The unusual ranch visit took place one day after Bush and Putin agreed at the White House to shrink their nations' strategic nuclear arsenals by two-thirds.

``If we act together, we will make the world a much safer place than today,'' Putin said during a stop in Houston en route to Crawford.

Bush had hoped that the cuts, promised during the presidential campaign, would entice Putin to accept the U.S. proposal on missile defense. Under Bush's plan, the United States would remain in the 1972 ABM treaty a while longer if Russia agreed to allow the Pentagon to conduct tests and research barred by current readings of the pact.

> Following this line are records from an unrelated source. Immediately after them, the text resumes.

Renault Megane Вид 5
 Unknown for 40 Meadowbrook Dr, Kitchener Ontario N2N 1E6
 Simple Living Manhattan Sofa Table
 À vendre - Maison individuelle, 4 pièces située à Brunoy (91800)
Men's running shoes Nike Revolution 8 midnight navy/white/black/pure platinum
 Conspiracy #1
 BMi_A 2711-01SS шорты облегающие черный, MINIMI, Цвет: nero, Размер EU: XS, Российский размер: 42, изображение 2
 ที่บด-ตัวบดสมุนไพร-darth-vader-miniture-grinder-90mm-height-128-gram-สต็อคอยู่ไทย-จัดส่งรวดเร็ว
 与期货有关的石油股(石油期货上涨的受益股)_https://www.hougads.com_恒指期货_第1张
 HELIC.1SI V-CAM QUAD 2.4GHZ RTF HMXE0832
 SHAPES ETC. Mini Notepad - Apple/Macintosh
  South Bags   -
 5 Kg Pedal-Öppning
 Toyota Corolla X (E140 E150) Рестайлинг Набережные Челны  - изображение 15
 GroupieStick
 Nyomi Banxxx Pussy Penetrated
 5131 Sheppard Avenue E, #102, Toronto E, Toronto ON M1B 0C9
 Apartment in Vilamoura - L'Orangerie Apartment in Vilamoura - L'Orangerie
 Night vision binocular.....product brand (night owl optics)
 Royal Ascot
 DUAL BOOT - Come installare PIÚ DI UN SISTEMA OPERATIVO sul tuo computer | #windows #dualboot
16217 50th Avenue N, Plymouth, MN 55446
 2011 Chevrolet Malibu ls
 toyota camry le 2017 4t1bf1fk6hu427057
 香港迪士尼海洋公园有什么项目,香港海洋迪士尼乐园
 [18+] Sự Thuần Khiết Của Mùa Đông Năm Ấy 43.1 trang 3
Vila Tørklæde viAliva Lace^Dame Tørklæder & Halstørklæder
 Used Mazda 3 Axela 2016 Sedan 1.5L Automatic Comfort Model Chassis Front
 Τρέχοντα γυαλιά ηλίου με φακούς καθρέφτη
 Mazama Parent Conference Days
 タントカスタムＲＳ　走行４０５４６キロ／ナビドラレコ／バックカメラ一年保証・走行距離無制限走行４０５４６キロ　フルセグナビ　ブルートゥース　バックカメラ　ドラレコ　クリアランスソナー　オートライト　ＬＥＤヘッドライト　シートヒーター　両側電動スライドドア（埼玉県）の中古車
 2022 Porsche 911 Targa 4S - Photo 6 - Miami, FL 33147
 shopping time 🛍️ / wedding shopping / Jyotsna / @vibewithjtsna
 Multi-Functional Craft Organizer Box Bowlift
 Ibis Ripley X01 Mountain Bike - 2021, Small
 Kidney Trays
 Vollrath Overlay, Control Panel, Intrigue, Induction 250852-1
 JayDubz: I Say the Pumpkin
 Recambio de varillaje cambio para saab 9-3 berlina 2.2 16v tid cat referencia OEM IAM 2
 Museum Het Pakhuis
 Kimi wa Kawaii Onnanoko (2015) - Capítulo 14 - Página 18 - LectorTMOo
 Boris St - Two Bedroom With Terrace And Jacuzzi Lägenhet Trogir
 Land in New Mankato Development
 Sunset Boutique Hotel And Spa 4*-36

That proposal was a concession of sorts for Bush. He repeatedly has denounced the accord as a Cold War relic, and his conservative allies want him to scrap it.

Putin's public statements before coming to America suggested an openness to finding flexibility on the ABM issue.

Bush promised Putin on Tuesday that Russia would be informed of the tests, but Putin asked for more. U.S. officials said he suggested at one time that Russia approve the tests beforehand, a concession Bush refused to make.

Some Bush advisers played down the exchange, saying it was mentioned only briefly in the talks and was not a major factor. Indeed, one senior administration official said Bush and Putin seemed to reach an understanding - if not a formal agreement - that the United States would conduct anti-missile tests under the ABM, perhaps not long after Putin returns to Russia.

Other aides, generally more pessimistic of the talks, said they knew of no such accommodation. And yet, even these aides said it was more likely than not that Putin and Bush would come to terms - but not necessarily here.